Resolving GFID mismatch problems in Gluster (RHGS) volumes

Gluster is a distributed filesystem. I'm not a massive fan of it, but most of the alternatives (like Ceph) suffer with their own set of issues, so it's no better or worse than the competition of the most part.

One issue that can sometimes occur is Gluster File ID (GFID) mismatch following a split-brain or similar failure.

When this occurs, running ls -l in a directory will generally lead to I/O errors and/or question marks in the output

ls -i
ls: cannot access ban-gai.rss: Input/output error
? 2-nguoi-choi.rss ? game.rss

If you look within the brick's log (normally under /var/log/glusterfs/bricks) you'll see lines reporting Gfid mismatch detected 

[2019-12-12 12:28:28.100417] E [MSGID: 108008] [afr-self-heal-common.c:392:afr_gfid_split_brain_source] 0-shared-replicate-0: Gfid mismatch detected for <gfid:31bcb959-efb4-46bf-b858-7f964f0c699d>/ban-gai.rss>, 1c7a16fe-3c6c-40ee-8bb4-cb4197b5035d on shared-client-4 and fbf516fe-a67e-4fd3-b17d-fe4cfe6637c3 on shared-client-1.
[2019-12-12 12:28:28.113998] W [fuse-resolve.c:61:fuse_resolve_entry_cbk] 0-fuse: 31bcb959-efb4-46bf-b858-7f964f0c699d/ban-gai.rss: failed to resolve (Stale file handle)

This documentation details how to resolve GFID mismatches

 

Topology

The loglines in the example used in this documentation are from a replica 2 setup comprising of 2 Gluster nodes, with the gluster volume mounted on each of them using Gluster-FUSE.

In this instance the issue arose after a brick process repeatedly died on one of the Gluster nodes, leading to split-brain.

 

Understanding the logline

It's probably helpful here to break the format of that logline down a little:

  • 0-shared-replicate-0 - the volume in my example is called shared, if yours is called foo then this will probably read 0-foo-replicate-0
  • <gfid:31bcb959-efb4-46bf-b858-7f964f0c699d>/ban-gai.rss> This tells us the affected GFID and the file that was being accessed.

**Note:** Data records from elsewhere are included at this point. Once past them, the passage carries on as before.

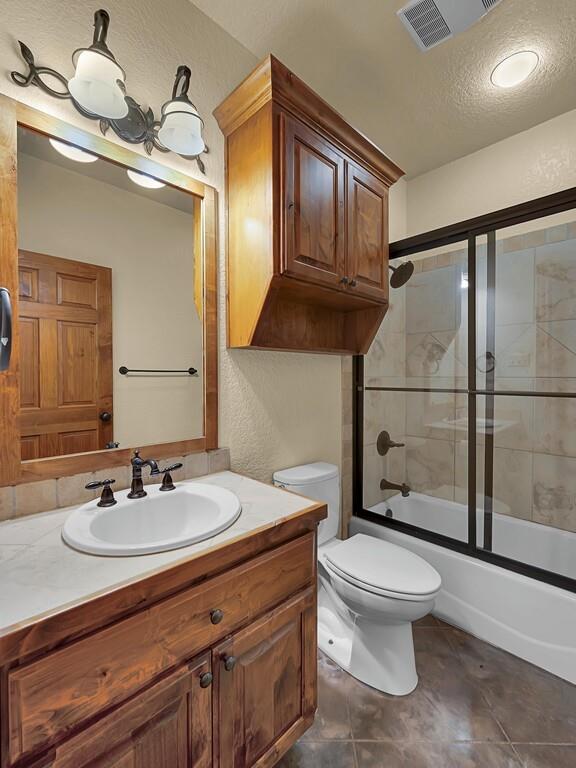 1609 Southern View Lorena, TX 76655 - Photo 20 of 35 Guest bath 1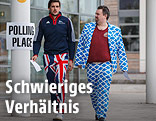 Ein Mann in einem Anzug mit schottischen Fahnen und ein Mann mit einer Hose in Union-Jack-Muster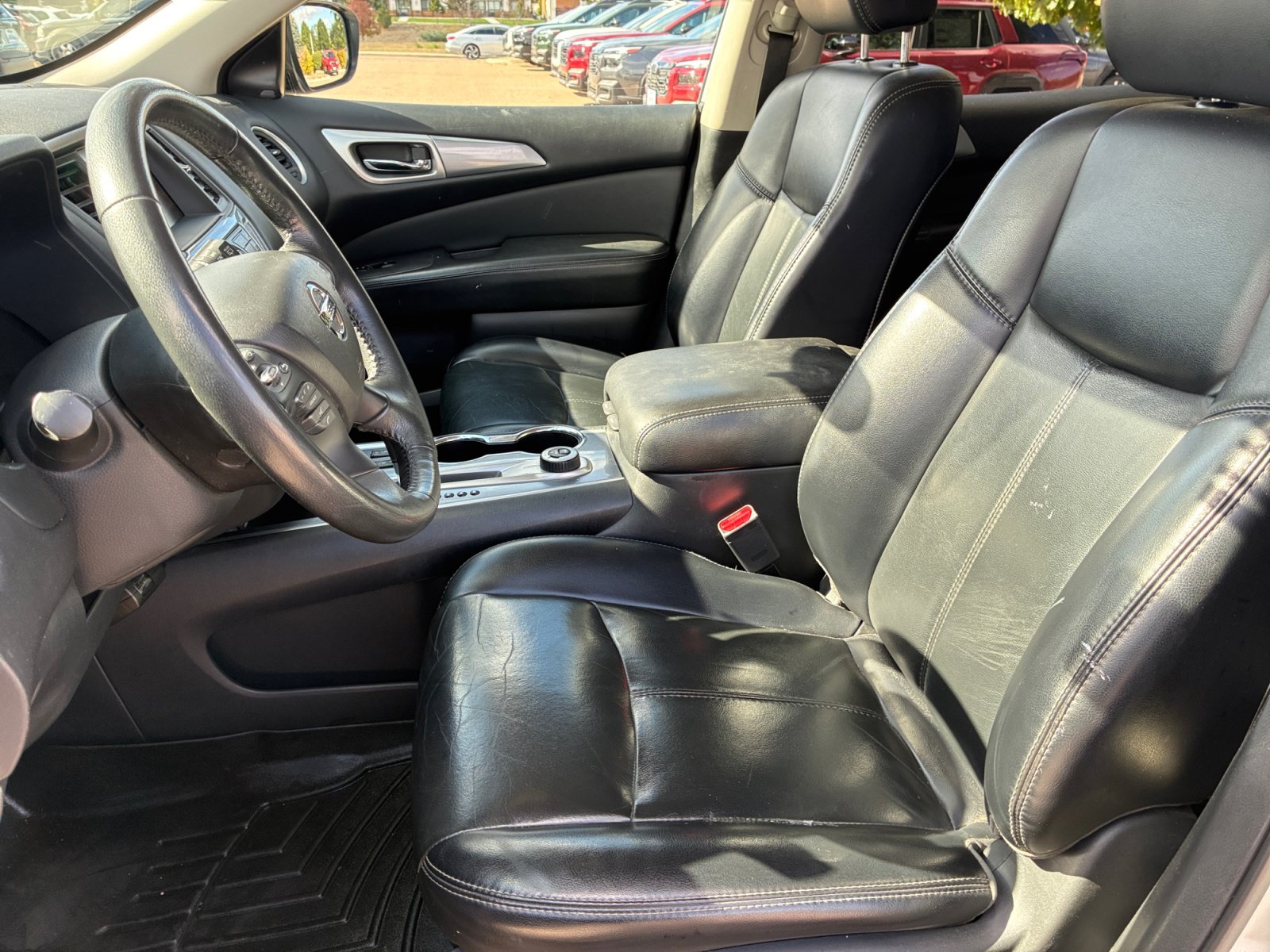 Used 2018 Nissan Pathfinder SL AWD/4WD image 12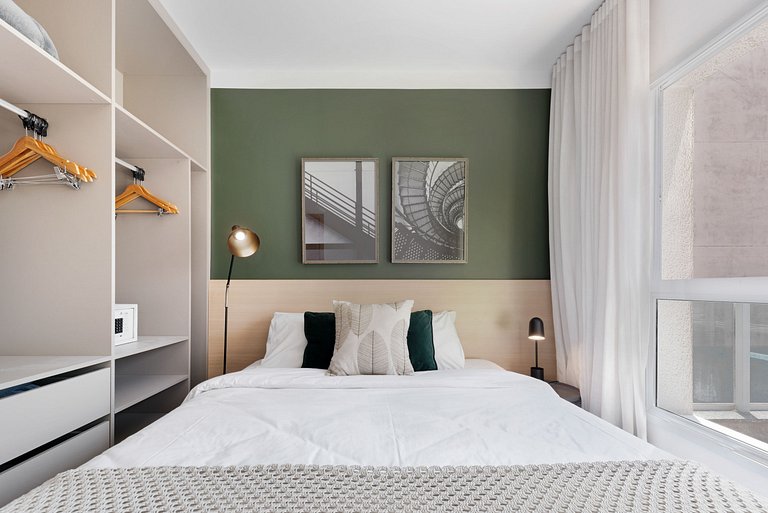 Apartamento c/ Terraço a metros da Faria Lima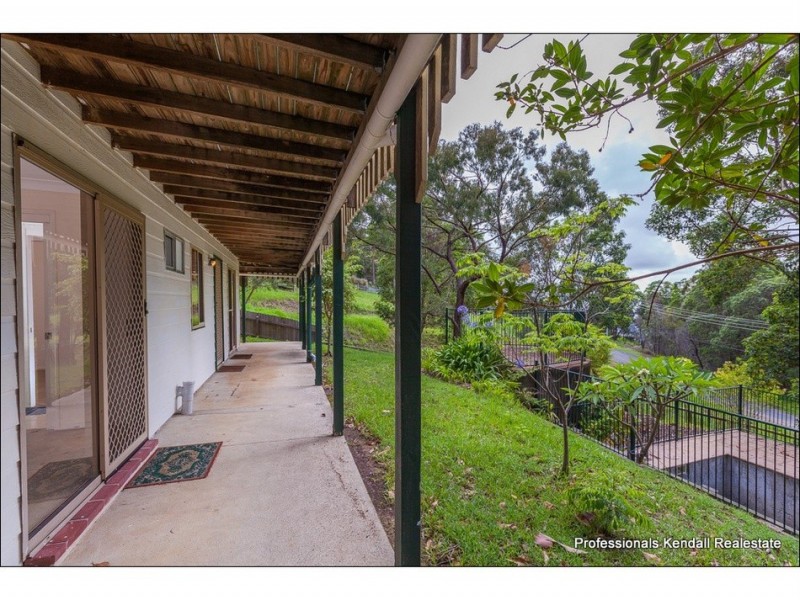 16 Foraker Drive, Tamborine Mountain QLD 4272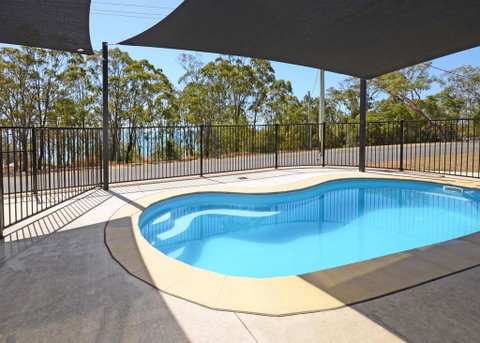 Holiday In Style - Hervey Bay - Sunshine Coast Tourism 0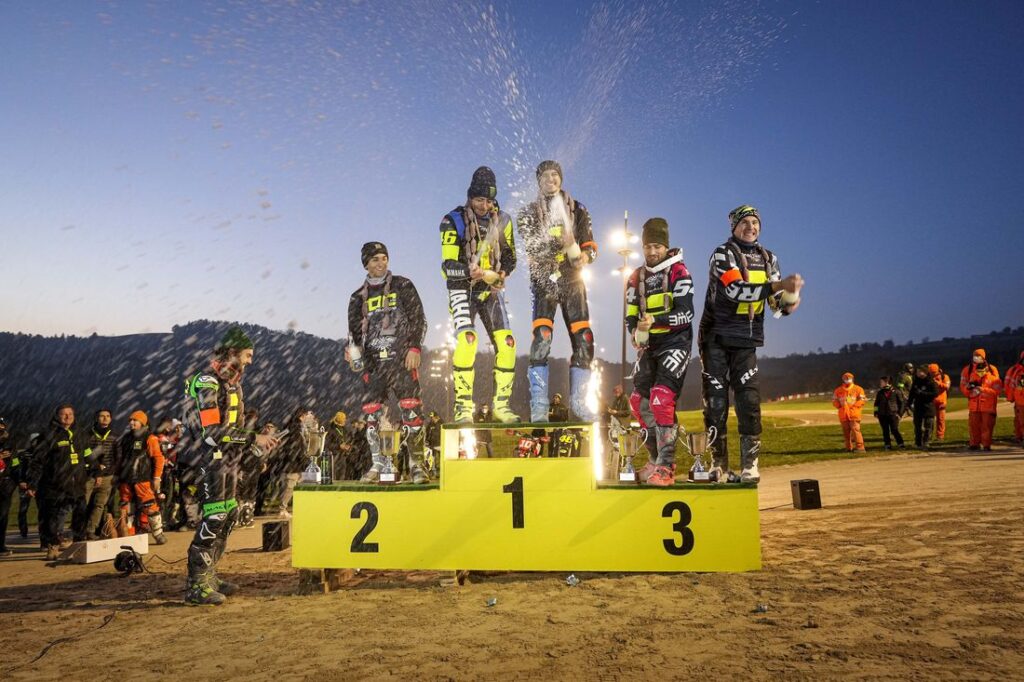 Le 100Km est une entreprise familiale : Luca Marini et Valentino Rossi gagnent Ritratto di GPone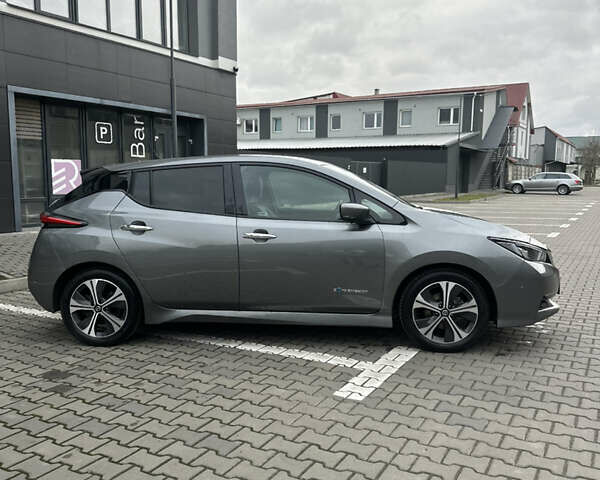 Серый Ниссан Лиф, объемом двигателя 0 л и пробегом 40 тыс. км за 14500 $, фото 3 на Automoto.ua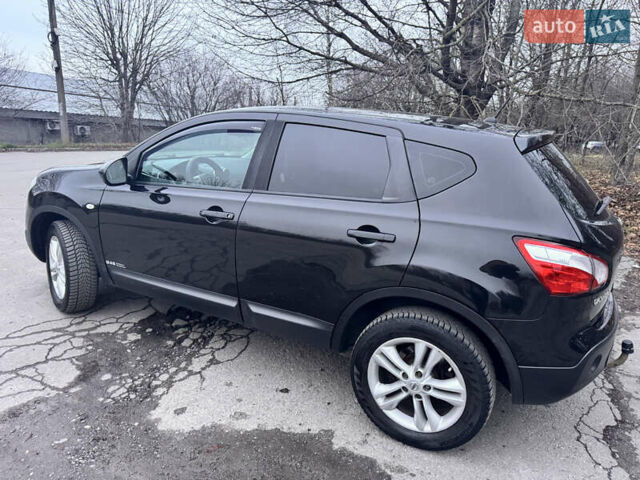 Черный Ниссан Кашкай, объемом двигателя 1.6 л и пробегом 300 тыс. км за 10300 $, фото 4 на Automoto.ua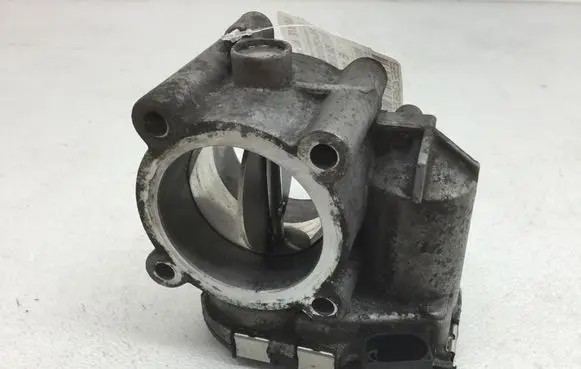 Mercedes-Benz E W211 Throttle valve A6420900070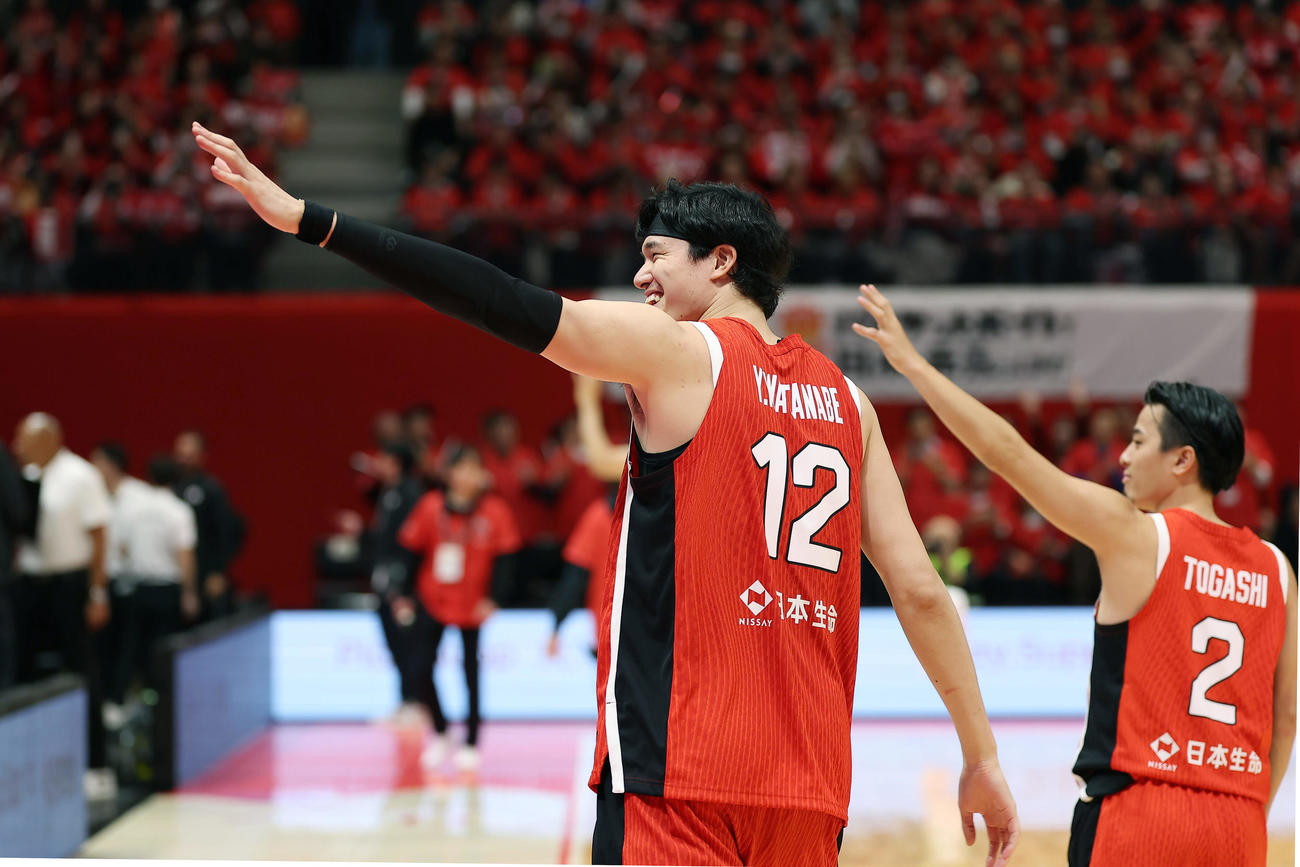 日本対台湾　台湾に勝利し、スタンドのファンの声援に応える渡辺雄（左）と富樫（撮影・前田充）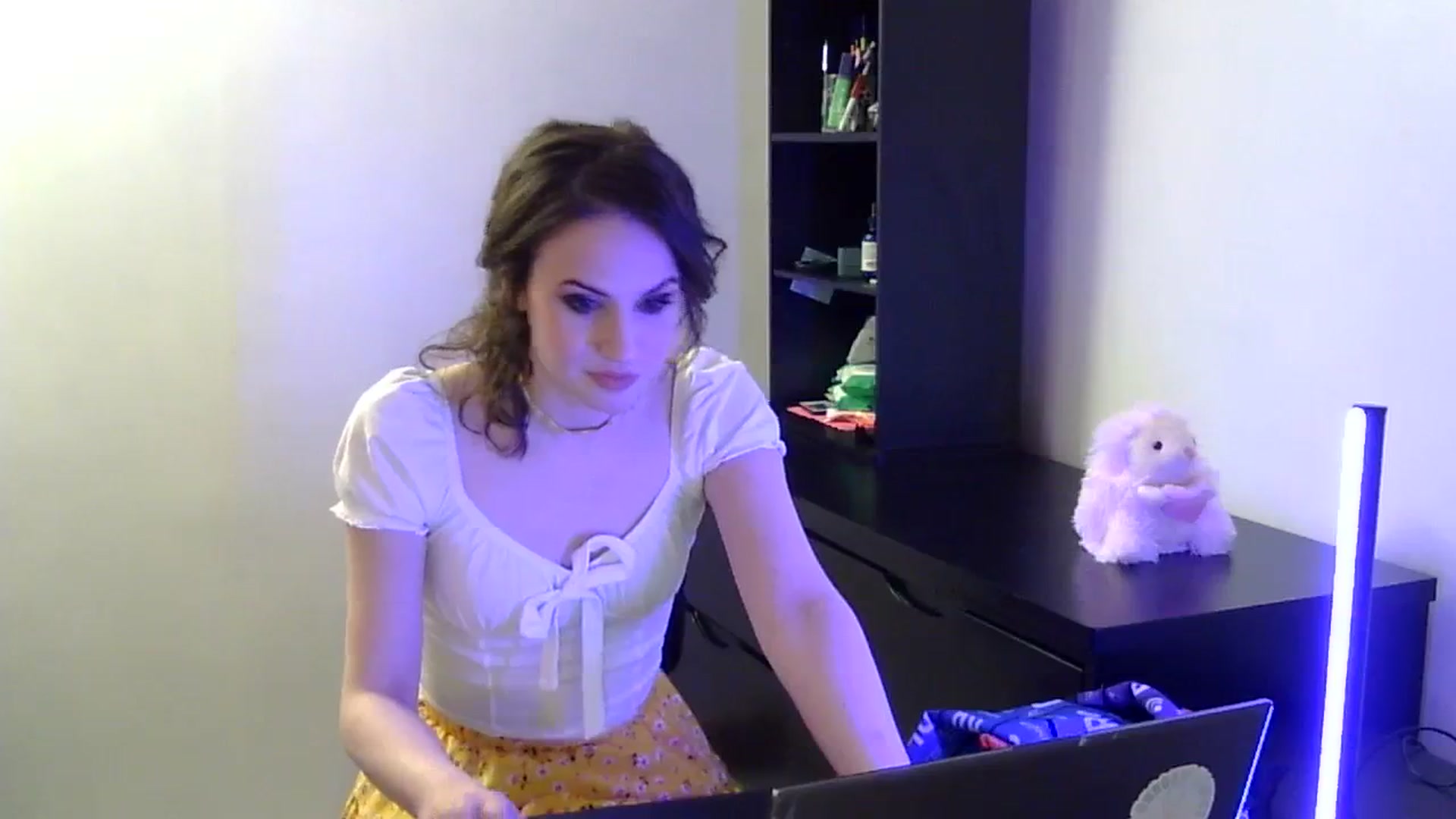 Gallery image thumbnail from antidreamgirl's myfreecams stream on, 03/30/2024, 04:40 image 18 of 20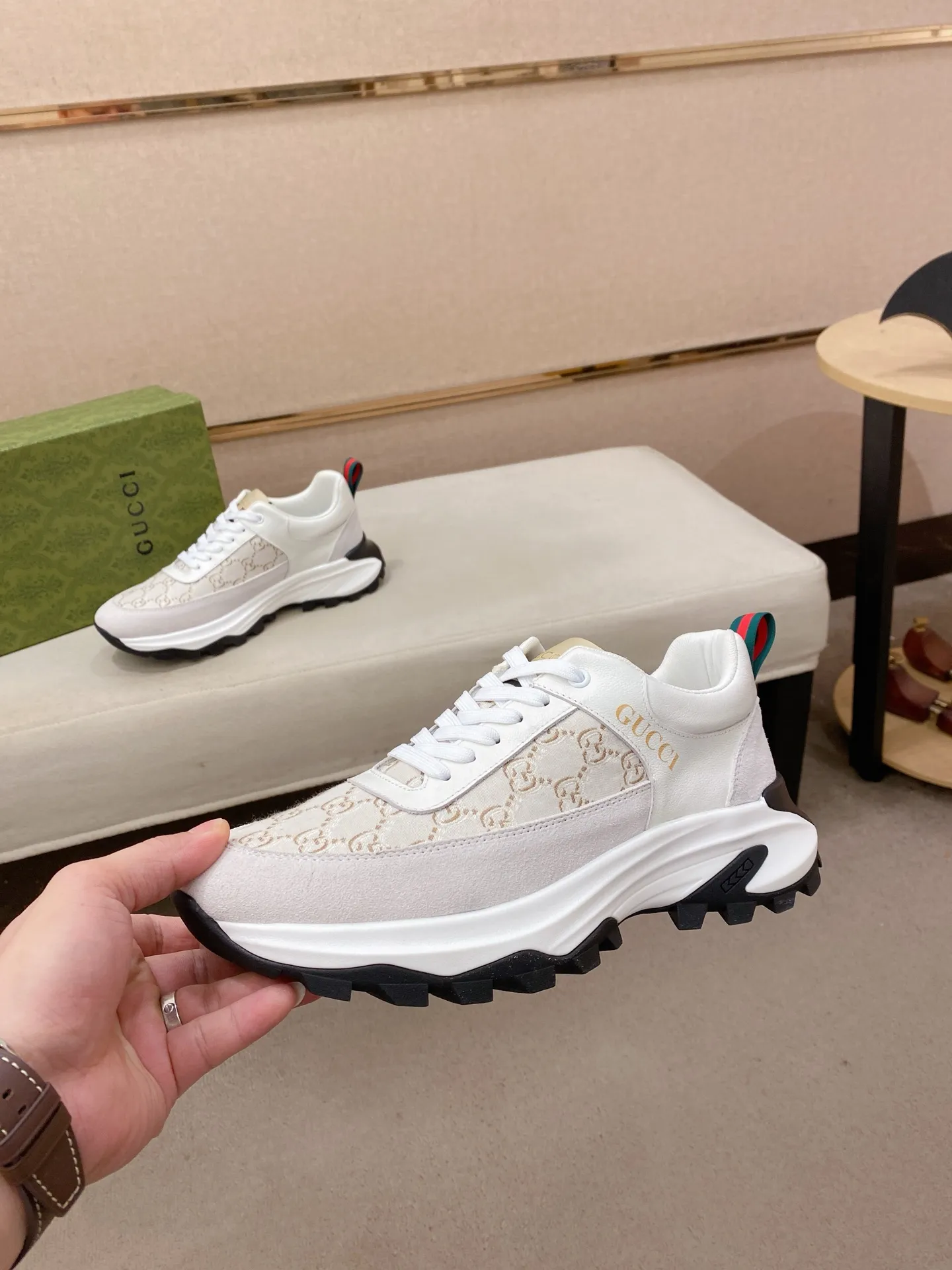 Men's clothing and shoes💰:462💰 (GUCCI) The latest model from the official website🎁🎁Casual and fashionable men's shoes👟, hot style💥The version is simple and elegant, exclusive for trendy men. The unique latest brand elements from the official website👑Original Gucci decoration, fashionable and generous, the fabric is original cowhide ✅Mesh breathable lining, the official website specifies wear-resistant casual outsole, the classic model is taken in kind at the counter🎬38-44 (can be customized for 45 non-refundable)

So in this case, the affected GFID is the parent of the file ban-gai.rss
  • 1c7a16fe-3c6c-40ee-8bb4-cb4197b5035d on shared-client-4 this is the GFID of the file on one of the Gluster hosts
  • fbf516fe-a67e-4fd3-b17d-fe4cfe6637c3 on shared-client-1 this is the GFID of the file on the other Gluster Host

 

Understanding the Issue

GFIDs are unique identifiers for files and directories within your Gluster volume.

Although not quite how RedHat would describe it, the "metadata" for your volume is basically a tangled mess of symlinks and hardlinks underneath the .glusterfs directory on each of your bricks, mapping out the structure of your volume in what is probably one of the most convoluted manners imaginable.

GFIDs are gluster's (rough) equivalent to an inode in a traditional filesystem - all replicated copies of a file should have the same GFID.

GFID mismatch occurs when different replica copies end up with a different GFID. This might be because a file was uploaded twice (one to each node) during a split-brain, or caused by some other gluster oddity. 

This mismatch then confuses Gluster's replication module, causing it to return an I/O error.

 

Resolving the Issue

In order to resolve this, you'll need to remove files from one of the bricks and then trigger a heal in order to have gluster re-replicate the files back over.

As a matter of best practice, you should try to preserve the copy with the most recent mtime as it's likely to be the most up-to-date copy. If there are a lot of files, with little risk of them having changed, though you might opt to just pick an gluster node to sacrifice files on.

However, it seems that removing the GFID link for specific files isn't sufficient, and will just cause a different failure mode

[2019-12-12 17:39:16.918389] W [fuse-bridge.c:582:fuse_entry_cbk] 0-glusterfs-fuse: 64264823: LOOKUP() /files/rss/ban-gai.rss => -1 (Input/output error)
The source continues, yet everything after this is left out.